Golpe de estado

Donde todos caben, menos los enemigos de las libertades

El periodista británico Christopher Hitchens, que escribió páginas de dinamita sobre Kissinger, la Madre Teresa y Orwell, repetía que el último combate de la izquierda era entre la facción anti imperialista y la anti totalitaria. Hitchens, que empezó como trotskista, sonreiría frente a un vicepresidente del Gobierno español, señor Pablo Iglesias, que no aplaude al rey y niega que la monarquía constitucional sea condición decisiva de nuestra democracia. El peronista desfila en cambio junto al resto de formaciones populistas.

En el corazón del sistema, como rotunda anomalía hispana, pululan todos los partidos y todos los ideólogos que horadan las arterias del 78, de las que elRey Juan Carlos I fue desatascador. Honor y gloria al hombre que delante de los golpistas, las metralletas y los tanques recordó de qué va la soberanía nacional y qué demonios significan los derechos políticos de los españoles.
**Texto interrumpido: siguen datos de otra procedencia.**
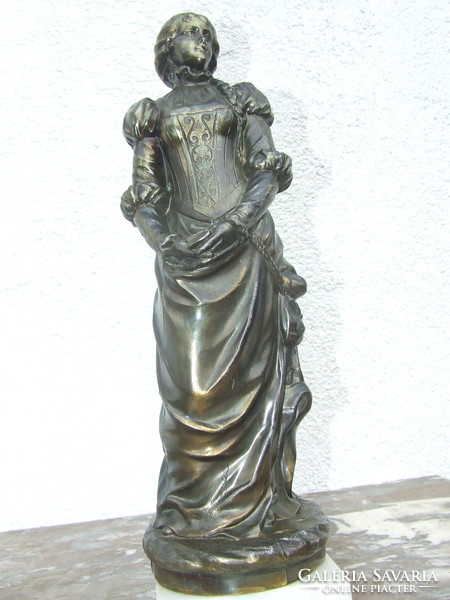 Hölgy szobor spiáter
Hizo más por la educación para la ciudadanía en un discurso que generaciones de republicanos dejándose los cuernos contra los muros de la patria mía. Su hijo, Felipe VI, que pasará a los libros por su rutilante discurso de octubre de 2017, dijo ayer que «Millones de españoles, incluso de mi generación, tienen –tenemos– aquella noche grabada en la memoria; y sobre todo el recuerdo de cómo, desde la angustia y la preocupación sobre lo que podía suceder, sintieron la tranquilidad de ver cómo la libertad y el orden constitucional prevalecían; de comprobar cómo se confirmaba y aseguraba el nuevo periodo de nuestra historia que años antes habían decidido abrir libremente los españoles». Como odio los espectáculos que brindan las jaurías y odiaría ser un desagradecido o un cobarde tengo que decir que resultó muy triste que haya contemplado el espectáculo desde el desierto el hombre que recibió el poder de Franco para traicionarlo y que pactó con Adolfo Suárez y Santiago Carrillo el milagro de la transición a las libertades.
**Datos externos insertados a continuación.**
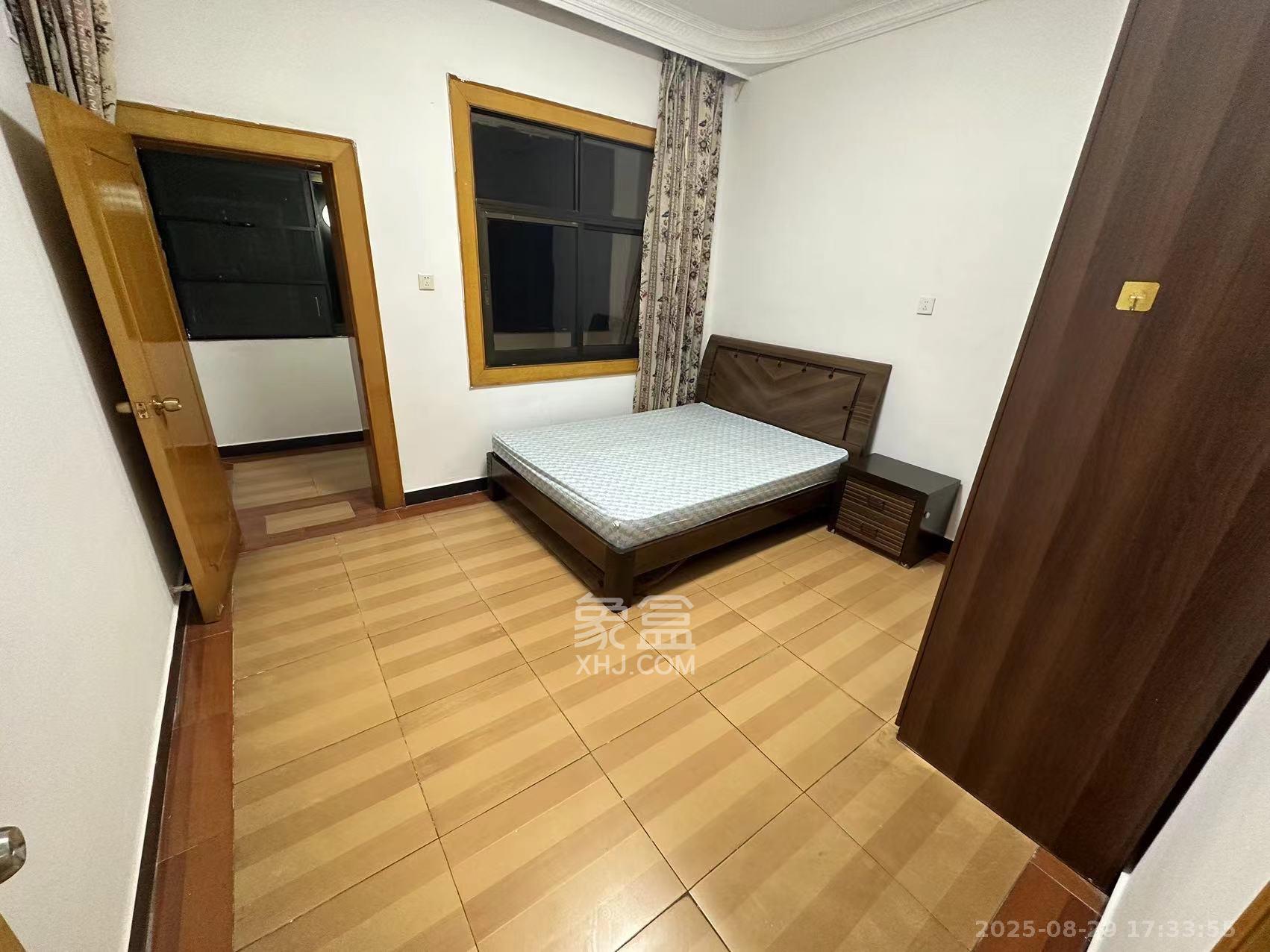 汽车西站商贸城（河西望城坡）  3室2厅1卫    1700.0元/月室内图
Admito y lamento su conducta privada y sus presuntas hazañas como presunto comisionista, que habría que sustanciar con algo más que sexo, mentiras y cintas de vídeo, así como los rumores de queridas, que sólo pueden importarte si eres un puritano en Nueva Inglaterra. Lástima que pusiera una fulguración de pólvora en las alas del hijo. Pero el artículo contemporáneo sobre el Rey Emérito, tecleado con saña de oportunistas y sed de sangre, el relato que tejen y destejen los enemigos de la nación de libres e iguales, no puede desconocer que los reyes caen o sobreviven por su comportamiento ante la historia. Juan Carlos I, con el pijama bajo la guerrera, dió a los españoles el mensaje que necesitaban. Un salvoconducto de palabras que sonó a estampida por las libertades. Devolvió los tanques a sus cocheras y nos libró de regresar al 36 o peor, a las pesadillas del Estadio Nacional de Santiago de Chile. Gracias a él aquí no hubo caravanas de asesinos ni volvimos al camino de las matanzas, el odio entre hermanos y la putrefacción de un país roto en dos pedazos.
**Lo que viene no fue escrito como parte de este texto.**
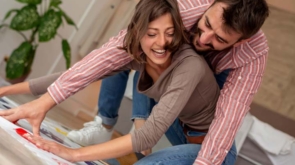 Couple-enjoying-twister-game-ondelights.com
Los buitres de guardia, que gustan de reescribir la vida, presentan al monarca viejo como emperador de un país que nunca existió. La realidad es que no permitió la continuidad del búnker y no sustrajo a España de regresar donde le correspondía en Europa y el Mundo. Cabe recordar que durante sus años de idilio con el pueblo español apenas hubo monárquicos, descontado el maestro Luis María Anson. En cambio, ahora que quieren derribar su estatua, cortarle las piernas y hacerle pagar por todo lo bueno, somos muchos los que nos declaramos del lado del Rey. Convencidos de que las termitas ponen precio a su cabeza como etapa volante antes de cobrarse las de su sucesor y, con ella, la democracia representativa que tanto detestan. Los ultras buscan a Juan Carlos I con saña similar a la que exhibían hace cuarenta años y la izquierda totalitaria quiere su testa en una pica. La muerte de la monarquía constitucional limpiaría de escombros la senda que lleva a la confederación de taifas fiscales y otros dulces infiernos identitarios. «La Constitución de 1978 significa, en nuestra larga historia, el reencuentro y el entendimiento entre los españoles, su unidad en los valores democráticos y en nuestros derechos y libertades, y su confianza en una España en la que caben y se reconocen todos los ciudadanos», recordó Felipe VI. Añadió que «hoy como Rey, símbolo de la unidad y permanencia del Estado, mi compromiso con la Constitución es más fuerte y firme que nunca». Como para que no le odien.